There are tons of diet plans deeming certain foods unhealthy or off-limits. Your energy is spent on all the little parts of your diet instead of living life and learning to eat foods you enjoy in a way that makes you feel good mentally and physically. A more sustainable way to create a healthy lifestyle is to find a balance that works for where you are in your now and where you want the journey to take you. This is all attainable with the 80/20 rule.
Creating healthy habits
First and foremost, forming new habits takes time. Although we see what seems like miracles of friends getting healthy overnight, to maintain a healthy lifestyle is a long-term plan. Giving yourself the grace to learn and develop healthy habits allows you to create a sustainable balance. Over time you’ll realize what habits actually make you feel great and those are the habits that will become second nature.

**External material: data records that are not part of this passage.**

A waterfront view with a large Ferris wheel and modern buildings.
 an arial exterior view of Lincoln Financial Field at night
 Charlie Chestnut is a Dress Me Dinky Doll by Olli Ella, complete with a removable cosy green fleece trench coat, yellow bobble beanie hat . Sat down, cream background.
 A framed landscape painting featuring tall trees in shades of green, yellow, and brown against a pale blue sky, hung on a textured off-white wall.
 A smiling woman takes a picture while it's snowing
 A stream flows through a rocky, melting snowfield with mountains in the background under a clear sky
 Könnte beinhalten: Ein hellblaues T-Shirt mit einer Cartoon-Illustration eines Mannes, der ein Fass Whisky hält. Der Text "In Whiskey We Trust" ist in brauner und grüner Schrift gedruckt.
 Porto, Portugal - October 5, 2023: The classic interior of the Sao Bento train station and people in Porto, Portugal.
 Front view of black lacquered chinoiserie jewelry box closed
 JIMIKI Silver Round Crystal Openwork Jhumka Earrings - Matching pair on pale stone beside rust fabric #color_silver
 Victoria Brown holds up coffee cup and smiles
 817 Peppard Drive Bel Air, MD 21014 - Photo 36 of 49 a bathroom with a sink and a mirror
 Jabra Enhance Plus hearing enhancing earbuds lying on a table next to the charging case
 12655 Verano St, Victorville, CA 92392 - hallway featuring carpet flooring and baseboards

The “80/20 rule” simply means that 80% of the time you’re committed to making mindful choices like eating whole foods and intentionally moving each day. The 20% is where you can allow yourself to skip a workout or eat a piece of birthday cake without feeling like you’ve cheated in some way. If you’re able to give yourself a break sometimes and enjoy the moments for what they are, you’ll be more successful in maintaining a healthy lifestyle and seeing lasting results. By creating healthy habits with big-picture planning you’ll discover the best way to maintain a healthy lifestyle.
Nutrition, movement, and mindset
The best way to develop a new habit is by being consistent. Developing a baseline of what a healthy meal looks like will help you choose the best foods to put on your plate. A simple trick is to fill half your plate with vegetables and fruit, one quarter with protein, and one quarter with grains. Use the foods that are already in your kitchen, then start to substitute with fresh produce, leaner proteins, and whole grains.
Become consistent and intentional with moving your body each day. This could be as little as a 10-minute walk every night after dinner. Remember: small, attainable steps. You don’t need to jump into a 3-hour workout every other day. Be mindful to move each day; you’ll start to feel better and crave more movement with time. Develop the habit first.
Consistency in creating a healthy mindset is so important and often overlooked. You may find journaling, reading, yoga, or daily meditation to be helpful in creating a sense of balance and control within your healthy lifestyle. Whatever helps you to find peace in your day, stick with it. Rest when you need to rest and allow yourself to recharge.
Having consistency in creating these healthy habits gives you flexibility. You don’t need to punish yourself for missing a workout or not eating veggies with dinner. Instead of doing a three-hour workout or skipping a meal to make up for yesterday, just pick up where you left off and carry on. Missteps are not mistakes; it’s all part of your health journey. Sometimes the road is bumpy, but when you turn around and see how far you’ve come, the bumps just get smaller and smaller until you only see who you are today.